Technical information
- Licensing authority: ANATEL
- HAAT: 11kW

Links
- Website: redeglobo.globo.com/RPC

= RPC Guarapuava =

RPC Guarapuava is a Brazilian television station, headquartered in Guarapuava, a city in the state of Paraná. It operates on channel 2 (32 UHF digital) and is affiliated with TV Globo.

==History==
The station was founded on November 25, 1989, as TV Independência Guarapuava, a Rede Manchete affiliate owned by Sistema Sul de Comunicação (currently Grupo RIC, owner of RIC TV, a network of Record affiliates). The station was the fourth in the system, serving an estimated audience of 1,3 million.
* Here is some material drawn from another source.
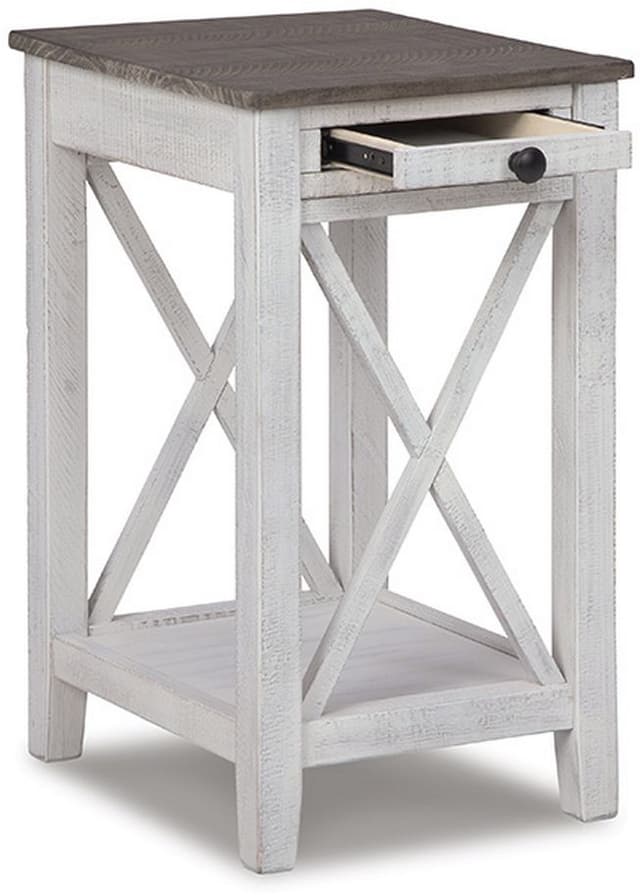 Signature Design by Ashley® Adalane Brown Top Accent Table with White Base-1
The station was later renamed TV Guairacá and became a Band affiliate in 1993.

In November 2000, RPC bought the station from J. Malluceli, and, consequently, became a TV Globo affiliate. The move meant the replacement of the news program produced by the Band O&O in Curitiba by a local newscast generated directly from Guarapuava. The first two months were used to prepare its staff, with the station producing pilots of the local Paraná TV, only to be reviewed by the main station in Curitiba. The approval meant that a segment of the second edition of Paraná TV would be produced locally. The first official newscast premiered on February 19, 2001. Until then, Guarapuava was dependent on TV Esplanada for Globo's coverage, which was rebroadcast on channel 11. Until mid-2002, the station had no infrastructure to produce live segments, meaning that the local news had to be pre-recorded. A new staff was hired in 2004 and the news operation entered a new phase on February 8, 2004.

==Technical information==
===Subchannels===

| Channel | Video | Aspect | Short name | Programming |
|---|---|---|---|---|
| 2.1 | 1080i | 16:9 | RPC TV | Main RPC programming / TV Globo |

The station started digital broadcasts on December 6, 2012, through physical channel 32 for Guarapuava and adjacent areas.

In May 2014, RPC Guarapuava started producing local news in high definition.

The station shut down its analog signal on February 27, 2021.